CAPA/Port de Dunkerque
Sa nomination a été annoncée presqu'en catimini par deux communiqués successifs des ministères de la mer et de la transition écologique, juste avant le deuxième confinement. Confirmé officiellement par Jean Castex début novembre, Stéphane Raison a pris ses quartiers le 16 avec pour mission de finaliser la fusion des trois grandes places portuaires qui ponctuent la Seine depuis l'amont de la capitale jusqu'à l'estuaire. A compter du 1er juin, les ports du Havre, de Rouen et de Paris seront pilotés depuis un seul et unique établissement public portuaire baptisé Haropa du nom du GIE qui avait été créé en 2012 dans l'espoir (déçu) de favoriser le re-décollage.

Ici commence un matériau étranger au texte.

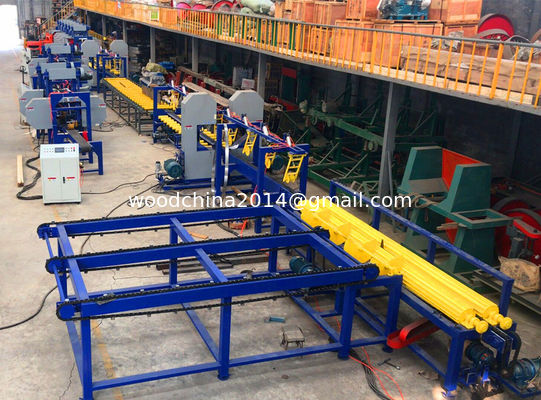 Industrial Timber Sawing Sawmill Machine Twin Blade Double Heads Automatic Sawmill Line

Le choix de l'ex patron du port du Nord n'est pas à proprement parler une surprise pour les portuaires où ce gros travailleur, que l'on dit peu soucieux de son plan de carrière, s'est taillé une réputation en acier trempé. " Il a fait l'unanimité dans ses fonctions de directeur à Dunkerque comme à la Réunion ce qui est rare dans ce milieu " souligne un fin connaisseur. Il est vrai que l'intéressé affiche un bilan sans tâche. " Stéphane Raison, le départ de l'homme qui valait trois milliards " titrait il y a quelques jours la Voix du Nord. Allusion aux investissements drainés sur les terminaux.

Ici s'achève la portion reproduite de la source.